For the past few years, the “very light jet” has been a term bandied around an awful lot. The Eclipse 500 is the closest VLJ to certification, with hundreds of orders and dozens of air taxi operators scrambling to launch point-to-point service between small cities. NASA and the FAA are pushing their Small Aircraft Transportation System as the future of air travel. Here’s the thing:

It’s probably not going to work.

Everybody knows that fuel costs are rising; that’s obvious enough at the pump. The impact on the aviation industry is even stronger, with Jet-A passing $4/gallon in many cities and 100LL aviation gas already well past $5/gallon. The E500’s two Pratt & Whitney turbines burn, based on Eclipse’s figures, around 50 gallons of Jet-A per hour. Most of the other VLJ offerings use similar Williams engines, though some use a single turbofan.

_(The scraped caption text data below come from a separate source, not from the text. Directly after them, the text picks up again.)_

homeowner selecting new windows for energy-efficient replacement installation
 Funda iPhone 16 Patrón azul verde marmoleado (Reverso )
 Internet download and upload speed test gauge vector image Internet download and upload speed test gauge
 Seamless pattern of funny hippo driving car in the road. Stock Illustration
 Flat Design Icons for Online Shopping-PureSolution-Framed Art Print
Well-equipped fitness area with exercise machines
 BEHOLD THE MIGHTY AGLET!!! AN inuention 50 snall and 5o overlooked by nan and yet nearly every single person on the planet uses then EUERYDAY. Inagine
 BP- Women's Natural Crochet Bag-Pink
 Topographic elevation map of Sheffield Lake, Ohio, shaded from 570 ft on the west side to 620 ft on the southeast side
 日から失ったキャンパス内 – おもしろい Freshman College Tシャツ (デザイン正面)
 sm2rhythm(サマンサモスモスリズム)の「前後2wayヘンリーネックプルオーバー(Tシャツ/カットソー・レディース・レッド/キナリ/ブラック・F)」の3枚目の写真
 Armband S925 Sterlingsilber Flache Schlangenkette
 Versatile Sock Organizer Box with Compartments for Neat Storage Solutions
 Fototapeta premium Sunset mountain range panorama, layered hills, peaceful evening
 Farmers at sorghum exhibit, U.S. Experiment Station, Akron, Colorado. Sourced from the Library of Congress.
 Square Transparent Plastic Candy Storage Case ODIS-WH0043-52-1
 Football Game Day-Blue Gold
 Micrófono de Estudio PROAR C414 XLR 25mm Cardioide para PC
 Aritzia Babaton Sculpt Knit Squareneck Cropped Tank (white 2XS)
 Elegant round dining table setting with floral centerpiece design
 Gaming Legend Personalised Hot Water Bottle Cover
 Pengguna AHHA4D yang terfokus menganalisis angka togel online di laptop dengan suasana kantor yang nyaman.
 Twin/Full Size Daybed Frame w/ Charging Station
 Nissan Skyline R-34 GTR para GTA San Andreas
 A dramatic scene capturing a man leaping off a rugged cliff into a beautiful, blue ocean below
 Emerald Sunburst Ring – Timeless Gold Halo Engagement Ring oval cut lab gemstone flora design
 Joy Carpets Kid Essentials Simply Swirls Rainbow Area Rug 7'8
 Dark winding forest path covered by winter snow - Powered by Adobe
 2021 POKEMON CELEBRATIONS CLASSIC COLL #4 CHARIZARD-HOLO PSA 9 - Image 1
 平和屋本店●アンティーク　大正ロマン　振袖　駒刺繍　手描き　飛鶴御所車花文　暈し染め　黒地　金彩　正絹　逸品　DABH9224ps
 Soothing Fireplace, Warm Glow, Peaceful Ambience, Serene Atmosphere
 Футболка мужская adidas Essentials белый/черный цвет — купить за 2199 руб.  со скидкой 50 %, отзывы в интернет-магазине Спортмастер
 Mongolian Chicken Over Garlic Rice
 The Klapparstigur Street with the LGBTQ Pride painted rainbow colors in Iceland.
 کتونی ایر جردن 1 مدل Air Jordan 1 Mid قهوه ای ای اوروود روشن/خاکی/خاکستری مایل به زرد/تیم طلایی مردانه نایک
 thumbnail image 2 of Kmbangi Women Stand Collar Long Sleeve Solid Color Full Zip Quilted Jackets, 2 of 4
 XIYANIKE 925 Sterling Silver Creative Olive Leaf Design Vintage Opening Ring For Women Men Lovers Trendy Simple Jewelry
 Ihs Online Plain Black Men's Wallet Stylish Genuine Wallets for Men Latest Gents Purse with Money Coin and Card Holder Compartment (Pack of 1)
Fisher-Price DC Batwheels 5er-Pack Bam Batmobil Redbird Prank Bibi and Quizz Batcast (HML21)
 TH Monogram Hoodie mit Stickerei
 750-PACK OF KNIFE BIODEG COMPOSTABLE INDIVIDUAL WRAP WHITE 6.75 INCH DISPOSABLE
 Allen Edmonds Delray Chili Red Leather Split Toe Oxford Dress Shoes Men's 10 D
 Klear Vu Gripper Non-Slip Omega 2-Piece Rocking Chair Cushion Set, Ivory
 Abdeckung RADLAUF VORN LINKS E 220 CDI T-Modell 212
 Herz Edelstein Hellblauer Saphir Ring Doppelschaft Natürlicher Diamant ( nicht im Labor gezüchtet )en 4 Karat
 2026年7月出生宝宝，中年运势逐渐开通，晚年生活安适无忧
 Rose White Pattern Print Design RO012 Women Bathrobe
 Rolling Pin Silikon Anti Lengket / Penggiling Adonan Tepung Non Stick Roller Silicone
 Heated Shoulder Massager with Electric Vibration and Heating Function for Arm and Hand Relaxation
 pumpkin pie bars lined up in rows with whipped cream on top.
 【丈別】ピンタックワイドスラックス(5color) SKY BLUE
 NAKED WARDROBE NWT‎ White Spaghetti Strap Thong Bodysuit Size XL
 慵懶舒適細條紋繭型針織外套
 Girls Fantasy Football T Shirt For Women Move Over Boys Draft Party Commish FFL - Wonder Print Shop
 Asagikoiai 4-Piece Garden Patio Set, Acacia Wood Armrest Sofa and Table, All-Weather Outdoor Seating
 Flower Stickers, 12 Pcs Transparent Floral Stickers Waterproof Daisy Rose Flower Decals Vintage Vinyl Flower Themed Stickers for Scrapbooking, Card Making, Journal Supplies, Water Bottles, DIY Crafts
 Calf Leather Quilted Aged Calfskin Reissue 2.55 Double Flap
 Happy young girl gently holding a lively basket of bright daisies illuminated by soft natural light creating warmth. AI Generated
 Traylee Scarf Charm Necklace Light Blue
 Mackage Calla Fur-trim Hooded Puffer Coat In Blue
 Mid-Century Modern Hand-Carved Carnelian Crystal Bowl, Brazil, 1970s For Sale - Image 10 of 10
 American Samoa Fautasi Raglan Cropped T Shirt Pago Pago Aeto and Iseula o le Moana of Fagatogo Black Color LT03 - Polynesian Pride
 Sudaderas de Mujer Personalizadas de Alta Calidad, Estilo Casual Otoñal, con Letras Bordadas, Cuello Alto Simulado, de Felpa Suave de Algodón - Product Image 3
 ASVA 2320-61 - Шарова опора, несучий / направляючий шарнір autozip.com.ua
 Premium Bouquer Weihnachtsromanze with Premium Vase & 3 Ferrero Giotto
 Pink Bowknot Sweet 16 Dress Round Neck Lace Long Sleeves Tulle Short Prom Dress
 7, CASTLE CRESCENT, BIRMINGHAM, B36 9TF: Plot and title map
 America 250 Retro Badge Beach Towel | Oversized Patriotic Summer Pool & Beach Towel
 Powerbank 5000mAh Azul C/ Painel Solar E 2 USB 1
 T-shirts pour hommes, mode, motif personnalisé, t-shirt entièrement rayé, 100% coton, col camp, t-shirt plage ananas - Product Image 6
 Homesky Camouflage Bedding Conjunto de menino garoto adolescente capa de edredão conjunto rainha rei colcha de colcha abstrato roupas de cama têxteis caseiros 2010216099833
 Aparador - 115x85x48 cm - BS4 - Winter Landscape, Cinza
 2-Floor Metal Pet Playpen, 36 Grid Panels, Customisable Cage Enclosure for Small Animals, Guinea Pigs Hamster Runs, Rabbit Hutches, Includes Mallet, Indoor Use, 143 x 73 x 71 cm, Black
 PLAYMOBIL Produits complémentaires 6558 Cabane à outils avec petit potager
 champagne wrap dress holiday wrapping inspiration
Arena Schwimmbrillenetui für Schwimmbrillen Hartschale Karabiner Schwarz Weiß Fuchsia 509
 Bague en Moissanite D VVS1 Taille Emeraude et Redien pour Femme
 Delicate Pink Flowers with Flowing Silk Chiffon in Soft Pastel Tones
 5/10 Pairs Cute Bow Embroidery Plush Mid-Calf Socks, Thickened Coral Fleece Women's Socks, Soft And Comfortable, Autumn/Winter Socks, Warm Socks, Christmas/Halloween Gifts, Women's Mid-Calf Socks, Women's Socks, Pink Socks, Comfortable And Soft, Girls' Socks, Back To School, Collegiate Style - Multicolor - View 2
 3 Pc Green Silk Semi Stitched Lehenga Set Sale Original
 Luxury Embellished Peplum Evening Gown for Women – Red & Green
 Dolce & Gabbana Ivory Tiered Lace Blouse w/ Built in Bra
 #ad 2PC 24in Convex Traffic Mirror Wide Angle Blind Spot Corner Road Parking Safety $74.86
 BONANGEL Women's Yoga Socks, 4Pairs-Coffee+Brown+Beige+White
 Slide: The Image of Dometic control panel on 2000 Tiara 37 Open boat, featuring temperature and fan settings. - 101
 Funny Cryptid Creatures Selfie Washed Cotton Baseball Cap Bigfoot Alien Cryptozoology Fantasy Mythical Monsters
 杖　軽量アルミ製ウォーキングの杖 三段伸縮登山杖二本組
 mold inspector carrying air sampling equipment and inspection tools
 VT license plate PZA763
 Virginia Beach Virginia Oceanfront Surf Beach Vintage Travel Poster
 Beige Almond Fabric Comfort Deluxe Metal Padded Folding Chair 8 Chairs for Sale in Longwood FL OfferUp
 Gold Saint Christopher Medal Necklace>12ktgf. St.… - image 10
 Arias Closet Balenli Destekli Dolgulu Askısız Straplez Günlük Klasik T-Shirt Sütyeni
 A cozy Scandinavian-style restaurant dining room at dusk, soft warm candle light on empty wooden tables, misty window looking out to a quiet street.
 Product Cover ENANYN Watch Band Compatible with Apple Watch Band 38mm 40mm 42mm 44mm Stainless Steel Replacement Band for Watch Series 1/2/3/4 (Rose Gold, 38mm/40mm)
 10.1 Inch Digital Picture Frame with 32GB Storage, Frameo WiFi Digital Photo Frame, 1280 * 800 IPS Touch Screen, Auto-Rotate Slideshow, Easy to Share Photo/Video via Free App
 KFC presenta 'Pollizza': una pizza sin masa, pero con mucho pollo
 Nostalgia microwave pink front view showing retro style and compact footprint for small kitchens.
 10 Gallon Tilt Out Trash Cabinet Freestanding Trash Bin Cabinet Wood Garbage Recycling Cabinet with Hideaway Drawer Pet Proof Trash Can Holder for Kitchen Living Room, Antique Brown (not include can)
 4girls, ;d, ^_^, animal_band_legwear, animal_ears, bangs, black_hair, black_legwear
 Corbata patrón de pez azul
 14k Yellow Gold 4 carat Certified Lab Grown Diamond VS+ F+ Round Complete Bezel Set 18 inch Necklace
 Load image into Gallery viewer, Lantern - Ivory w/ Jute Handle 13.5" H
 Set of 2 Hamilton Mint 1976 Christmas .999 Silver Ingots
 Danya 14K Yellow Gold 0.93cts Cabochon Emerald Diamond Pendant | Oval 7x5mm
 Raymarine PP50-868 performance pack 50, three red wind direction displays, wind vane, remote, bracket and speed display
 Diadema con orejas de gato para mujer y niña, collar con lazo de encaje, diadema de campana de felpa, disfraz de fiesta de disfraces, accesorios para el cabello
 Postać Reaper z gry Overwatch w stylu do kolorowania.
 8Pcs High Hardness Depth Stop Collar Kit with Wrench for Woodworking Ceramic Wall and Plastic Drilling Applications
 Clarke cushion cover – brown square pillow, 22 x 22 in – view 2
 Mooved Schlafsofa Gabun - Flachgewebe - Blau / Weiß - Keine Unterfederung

The market simply doesn’t make sense to me. Maybe it does to salespeople and executives somewhere, and they almost certainly know more. What I do know is that the air taxis are going to have to find a niche, and it’s going to be difficult. They need to find markets with enough paying passengers to break even, but too few to bring in regional service. Costs are rising. For air taxi work the E500 will probably carry three passengers; while it’s certified for one pilot, most operators will have to stick with two. I’m willing to bet that by the time it’s entering service the seat-mile costs are going to be exceptionally high.

I’m sure it will sell. I’m just not sure about sales hitting the predicted volumes.